Asiens kulturelle Schwierigkeiten heute liegen also nicht in dem, was die USA und das imperiale Großbritannien Asien wegnehmen. Sie liegen hauptsächlich darin, daß Asien das nachahmt, was die USA und Großbritannien sich in den letzten 40 Jahren selbst angetan haben.
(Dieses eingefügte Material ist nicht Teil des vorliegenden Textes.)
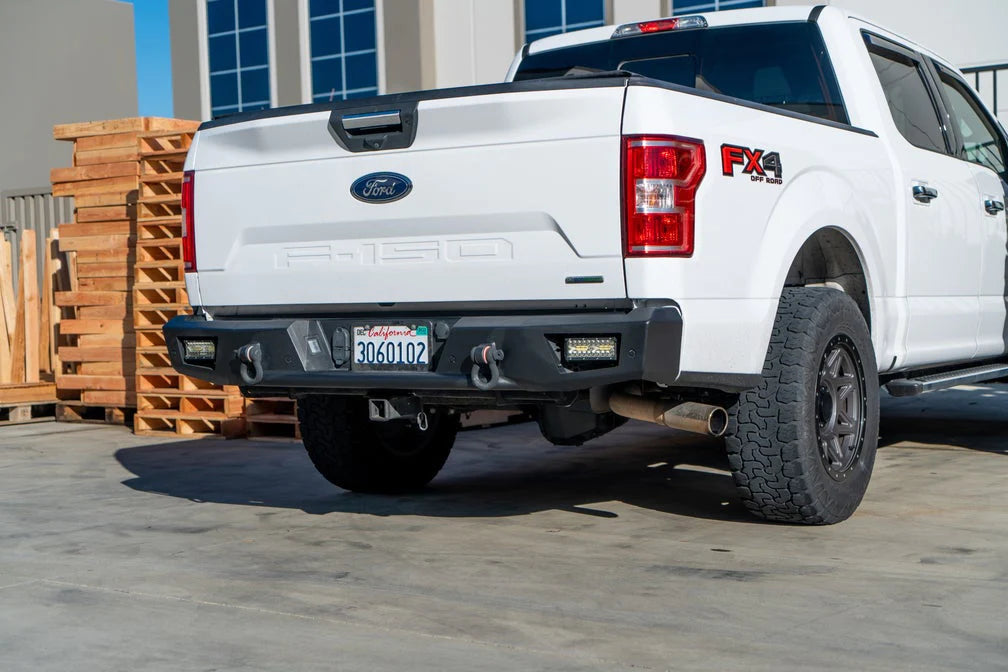 Body Armor 2018-2020 Ford F-150 Ambush Rear Bumper FD-2967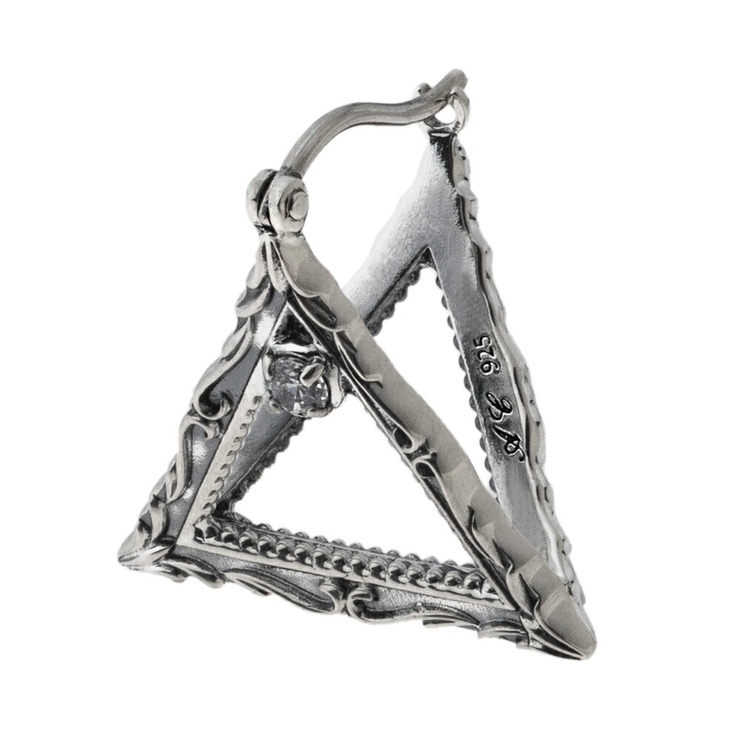 アルテミスクラシック/フレームトライアングルピアス/片耳分 | ArtemisClassic | 詳細画像1 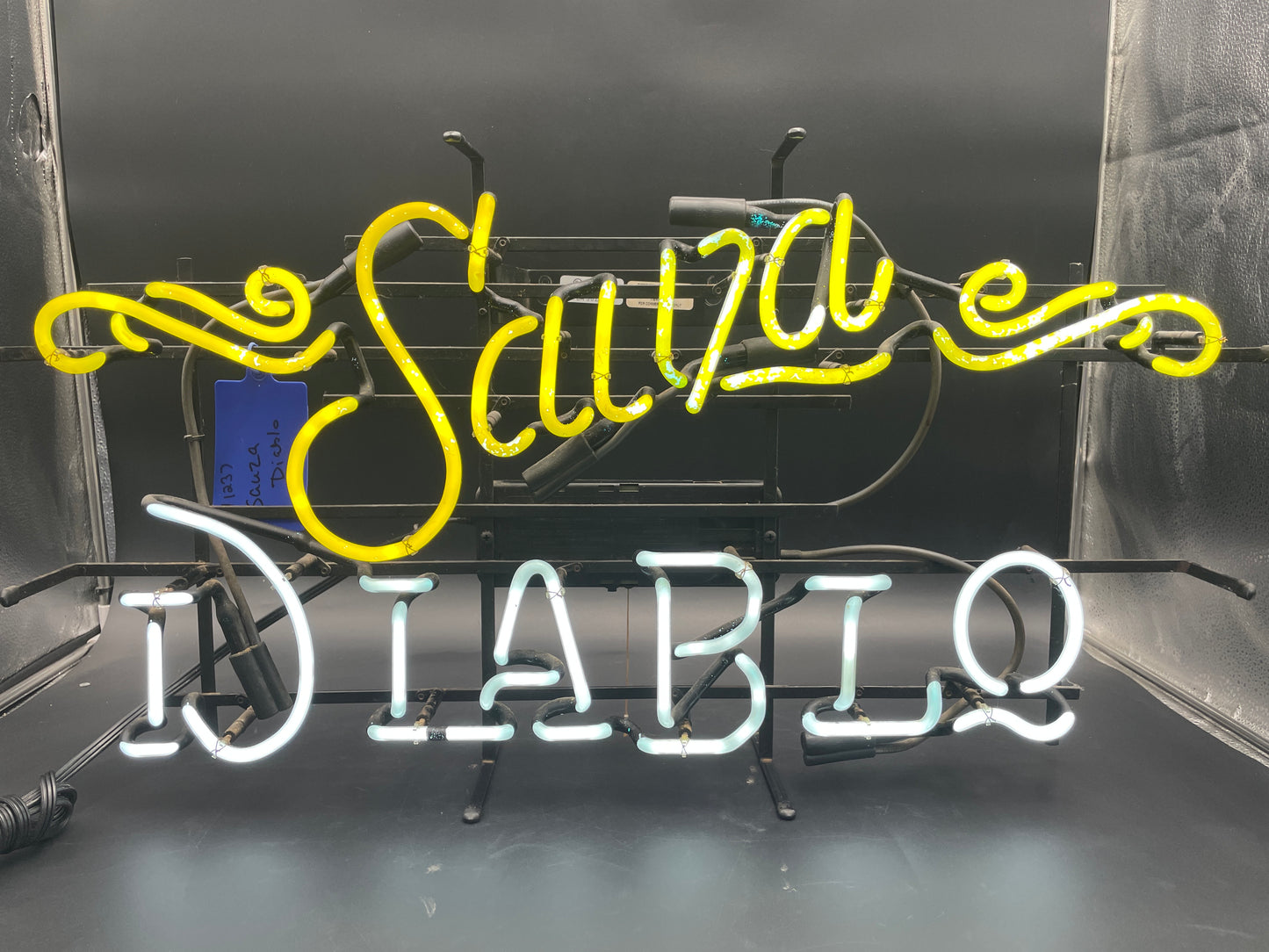 Sauza Diablo Neon Sign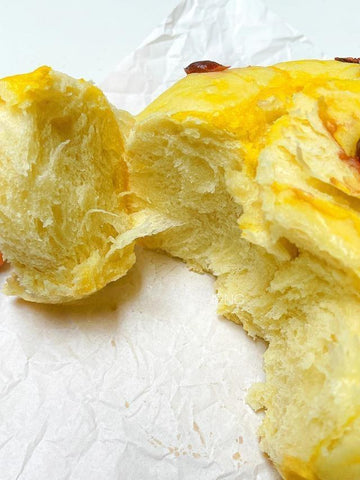 Fluffy Cranberry Pull-Apart Steamed Bread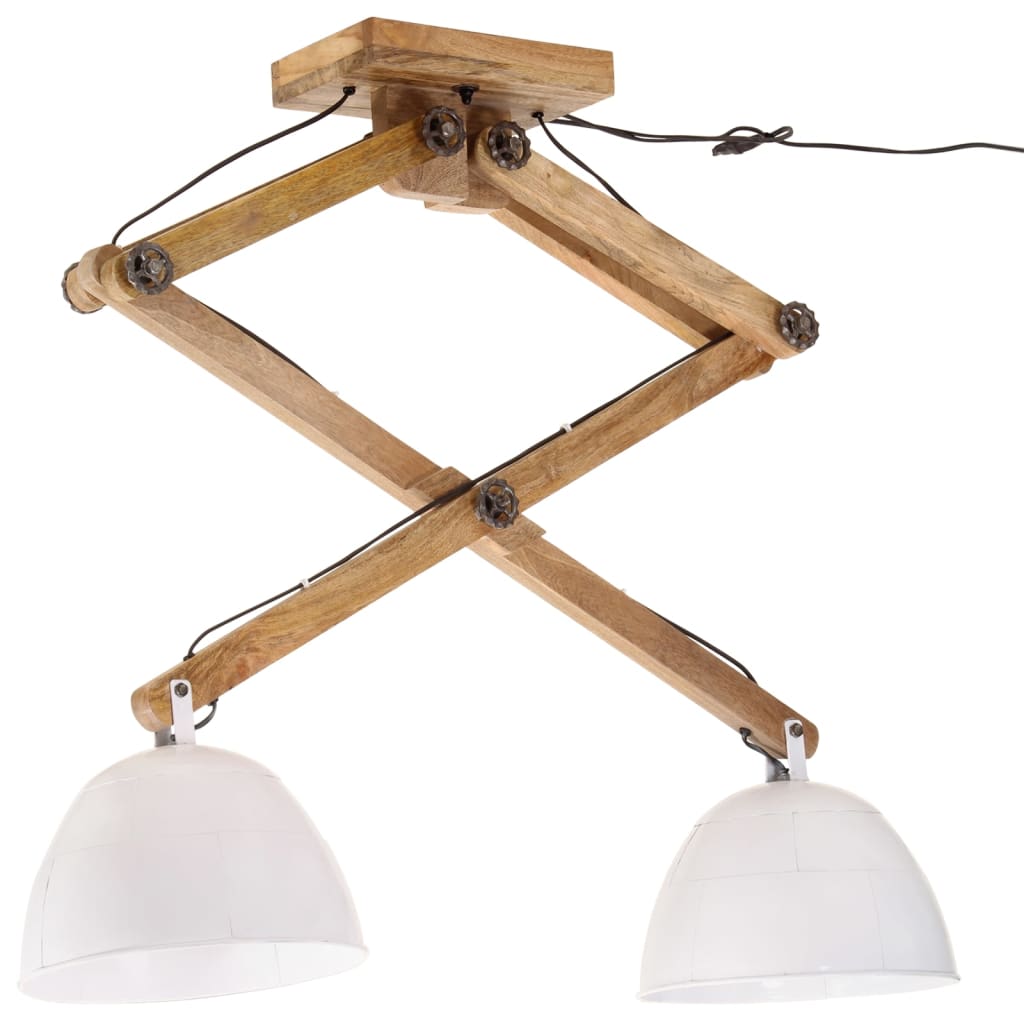 Plafondlamp 25 W E27 29x18x85 cm wit is nu te koop bij PeponiXL, paradijselijk wonen!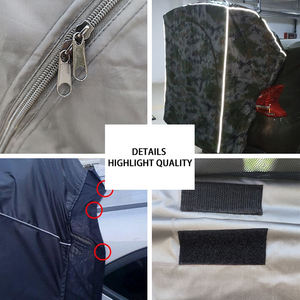 Tente arrière de voiture de <span class=keywords><strong>loisirs</strong></span> sur le toit, auvent, tente de <span class=keywords><strong>camping</strong></span>, tente SUV pour visite autonome - Product Image 6
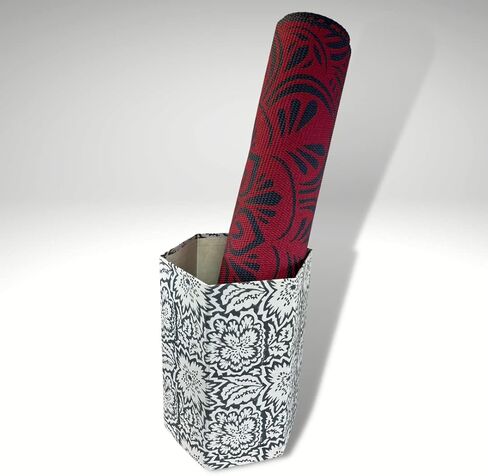 Waste Basket | Decorative Small Waste Basket | Cute Bedroom Trash Can | Colorful Trash Can (Vines) in Saudi Arabia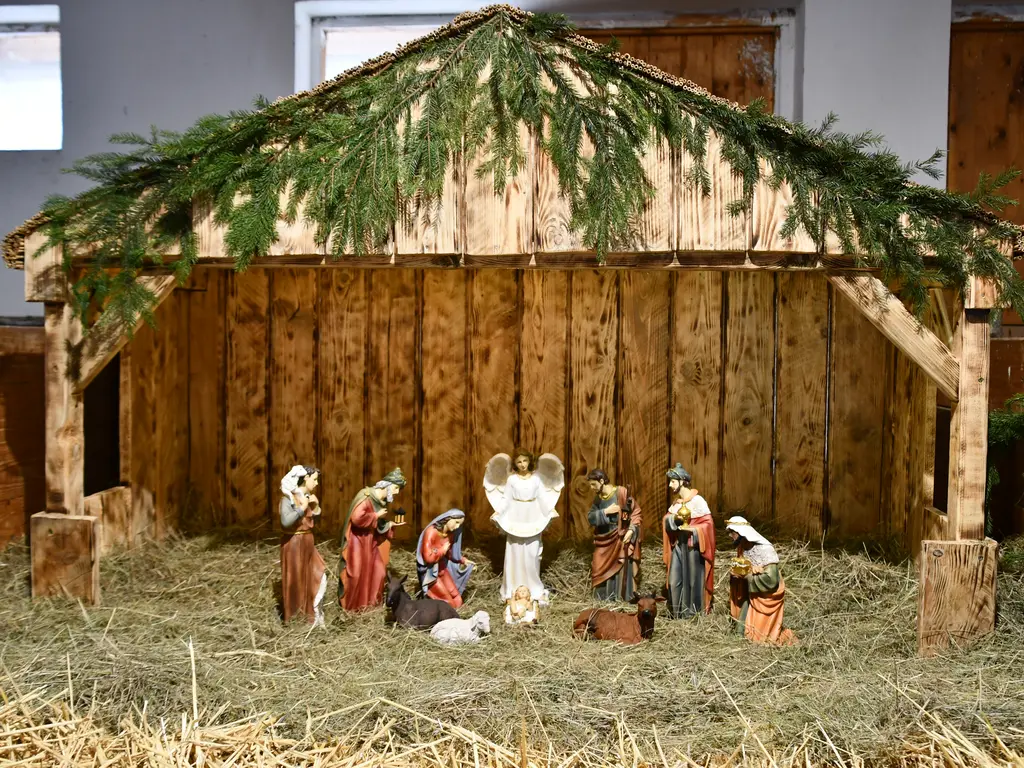 Karácsonyi hangulat az állatkertben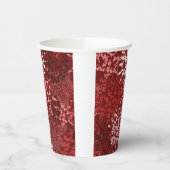 Modernes Abstrakt Pappbecher (Links)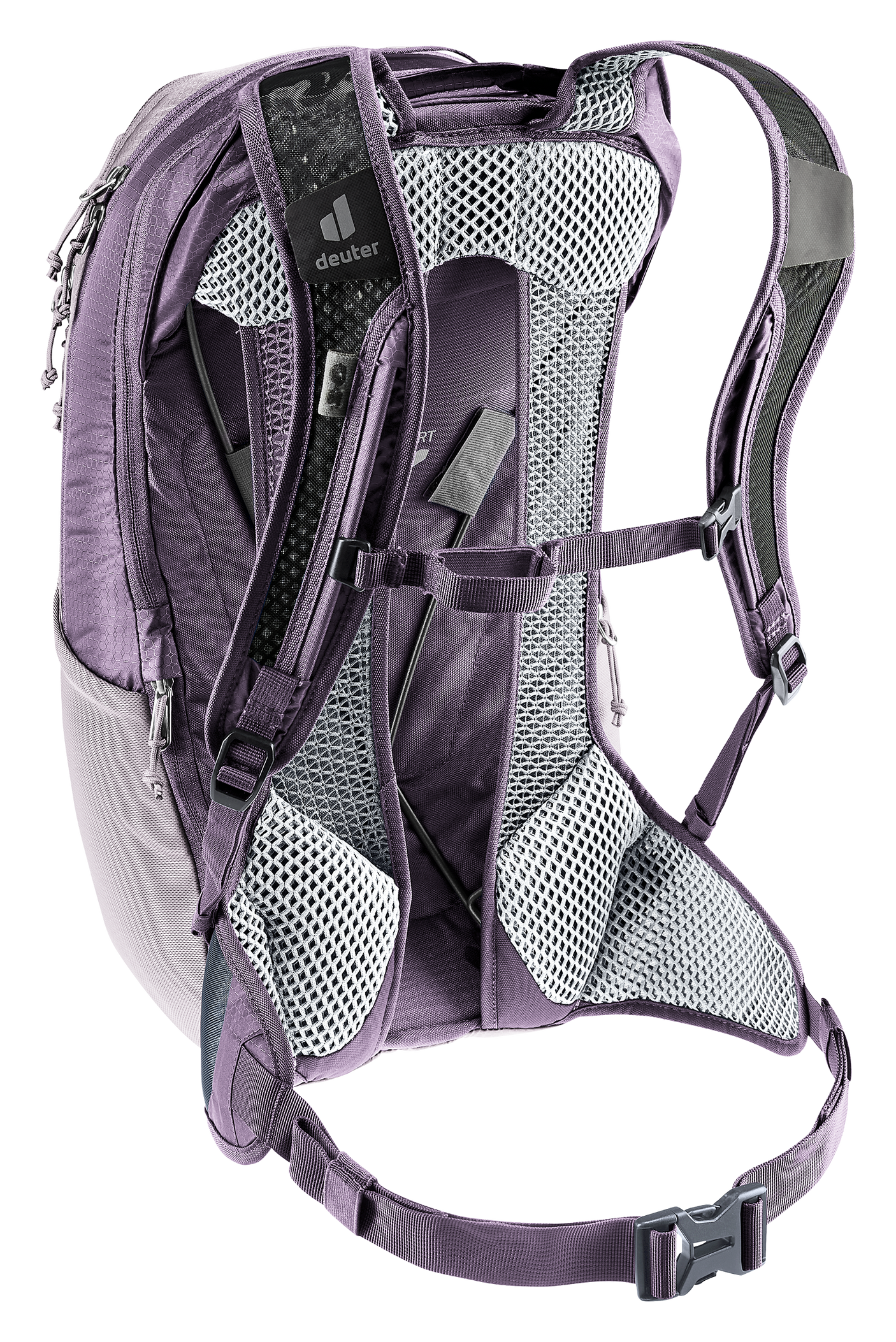 deuter Race Air 14+3 fiets rugzak lavendel-paars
Das ist die Wahrheit über die Eigenheit und die Wirkungen der Kultur, die das anglo-holländische, liberale Establishment heute Asien und auch Afrika aufzwingen will. Daneben gibt es seit langem bestehende kulturelle Probleme, die zu diesem Betreiben einer kollektiven Selbstzerstörung der Kulturen der ganzen Welt aus jüngerer Zeit hinzukommen. Den allgemeinen Ausdruck dieser Schwierigkeit findet man in dem, was in den vorhergehenden Abschnitten dieses Berichtes hervorgehoben wurde: daß eine Kultur, die einfach nur übergestülpt wird - was sonst immer ihre vermeintlichen Vorteile sein mögen - nur eine Tragödie sein kann. Eine solche Praxis der Staatsführung widerspricht dem ureigensten Wesen der menschlichen Gattung. Sie wurzelt nicht nur in den Eigenschaften des moralisch und formal geistig mangelhaften reduktionistisch-empiristischen Denkens. Sie ist in sich bösartig - ein Übel, das Übel erzeugt.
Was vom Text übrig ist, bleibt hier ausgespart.